Do you have a claim or are you receiving long term disability benefits and your insurance company has told you it wants you to go to an “Independent Medical Examination” (“IME”)?
What You Need to Know About an IME
Thousands of people in America have long-term disability insurance. For the most part, such insurance is provided by or through a person’s employer. Most such claims are subject to a federal statute known as ERISA (Employee Retirement Income Security Act).
Virtually every insurance policy which provides long-term disability benefits allows the insurance company to have you examined by a doctor of its choice as often as it deems necessary. Nearly all policies also state that if you fail to cooperate and refuse to attend an Independent Medical Examination or IME at the request of the insurance company, it can terminate your benefits.
As a practical matter, if your long-term disability insurance company wants you to attend an Independent Medical Examination, you do so because your refusal will almost certainly result in your disability benefits being denied or terminated.
Why is the Insurance Company Sending Me to an Independent Medical Examination?
If you have just applied for benefits and the insurance company is still evaluating whether to pay or not, it may be that your medical condition is so complicated that the insurance company wants its own doctor to examine you.
If you have received long-term disability benefits for a while and the definition of “disabled” under your policy is about to change, the insurance company may send you to an IME to determine whether or not you are still disabled under the less strident definition of disabled in the policy.
If your claim has been denied or terminated and you have submitted an appeal, it has become very common for insurance companies to send claimants to an IME as part of its appeal review process.
If you have been on benefits for a long time and your insurance company suddenly asks you to attend an IME, it is possible, even likely, that it is looking for reasons to terminate your benefits.
No matter when you are asked to go to an IME by your long term disability insurance carrier, you should go. But, you should also be aware that insurance companies commonly conduct secret surveillance of claimants on the days before, on the day of, and on the days after such a medical examination. Since the insurance company has scheduled the examination, it knows that you will be leaving your house and it knows where you will be going.
It is likely that a private investigator will be hired to watch you and videotape your activities while you are walking to and from your car, driving to or from the IME, and times when you are outside and in public.
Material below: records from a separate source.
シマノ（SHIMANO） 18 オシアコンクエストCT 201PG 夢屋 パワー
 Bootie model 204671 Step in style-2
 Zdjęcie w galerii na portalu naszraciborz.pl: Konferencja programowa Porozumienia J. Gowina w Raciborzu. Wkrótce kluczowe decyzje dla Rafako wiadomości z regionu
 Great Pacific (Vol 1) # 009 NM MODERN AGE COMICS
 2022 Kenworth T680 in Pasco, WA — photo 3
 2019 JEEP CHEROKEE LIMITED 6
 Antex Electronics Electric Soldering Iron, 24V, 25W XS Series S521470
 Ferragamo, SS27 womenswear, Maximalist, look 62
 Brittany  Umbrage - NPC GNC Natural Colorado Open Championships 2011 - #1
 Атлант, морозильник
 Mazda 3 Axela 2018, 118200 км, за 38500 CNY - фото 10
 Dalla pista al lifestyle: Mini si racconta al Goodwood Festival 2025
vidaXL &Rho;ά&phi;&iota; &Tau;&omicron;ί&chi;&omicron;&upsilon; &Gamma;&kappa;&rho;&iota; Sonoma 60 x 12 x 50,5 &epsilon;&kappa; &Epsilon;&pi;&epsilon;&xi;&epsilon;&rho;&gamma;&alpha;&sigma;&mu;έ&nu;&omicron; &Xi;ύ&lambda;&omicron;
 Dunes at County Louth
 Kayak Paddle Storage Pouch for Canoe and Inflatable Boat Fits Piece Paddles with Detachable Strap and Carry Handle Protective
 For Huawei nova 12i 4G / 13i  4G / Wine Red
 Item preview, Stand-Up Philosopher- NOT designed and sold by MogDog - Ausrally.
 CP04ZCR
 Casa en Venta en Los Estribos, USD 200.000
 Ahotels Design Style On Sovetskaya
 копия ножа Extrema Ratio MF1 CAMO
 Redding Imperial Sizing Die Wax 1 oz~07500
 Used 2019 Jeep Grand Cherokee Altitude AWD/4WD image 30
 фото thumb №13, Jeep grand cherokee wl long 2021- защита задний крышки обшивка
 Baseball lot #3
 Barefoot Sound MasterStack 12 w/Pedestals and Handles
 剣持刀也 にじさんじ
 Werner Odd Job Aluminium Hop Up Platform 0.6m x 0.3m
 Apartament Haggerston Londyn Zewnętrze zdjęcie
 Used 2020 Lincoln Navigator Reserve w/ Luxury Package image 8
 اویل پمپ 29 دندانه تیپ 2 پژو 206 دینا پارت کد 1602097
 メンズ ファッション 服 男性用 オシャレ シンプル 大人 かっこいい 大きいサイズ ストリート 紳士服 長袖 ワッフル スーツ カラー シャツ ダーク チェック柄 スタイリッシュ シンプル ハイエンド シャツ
Therefore, if you go shopping or out to lunch as part of the trip to or from the IME, the insurance company may claim that such activity proof that you can work.
Will the Doctor the Insurance Company Hired for the IME Be Fair to You?
It depends. Some of the doctors who work for insurance companies and conduct Independent Medical Examinations are the same specialists whom your own doctor would refer you to for a second opinion or for a specialist evaluation. Those doctors are often very good and provide useful services and fair reports.
But there are also other doctors who work for insurance companies who sometimes have histories of professional misconduct, have been disciplined by the medical boards, are unqualified, have long records of writing one-sided opinions for insurance companies, or are otherwise unfair.
Likely, you will not know what kind of doctor has been hired to examine you until after you see the doctor and/or the report. Sometimes even an honest doctor “produces” a dishonest report. Most of these independent medical examination doctors are not hired directly by the insurance companies but are hired by third-party services which review and “correct” the doctor’s report.
Sometimes, the doctor writes one thing in his/her report and the service changes it without the doctor’s knowledge. You may never know because the only version of the report you will ever see is the final version the service provides to the insurance company, not necessarily the version the doctor provided to the service. An experienced ERISA attorney often notices details in the report that calls its authenticity into question and thereby providing another argument against the denial or termination of your disability benefits.
The Importance of an Independent Medical Examination
If you are being asked to participate in an IME as part of your long-term disability benefits claim you should keep the above information in mind . Your claim for long-term disability benefits are likely to be denied or terminated if you fail to attend, and, your activity level surrounding the day(s) of the IME are likely to be recorded.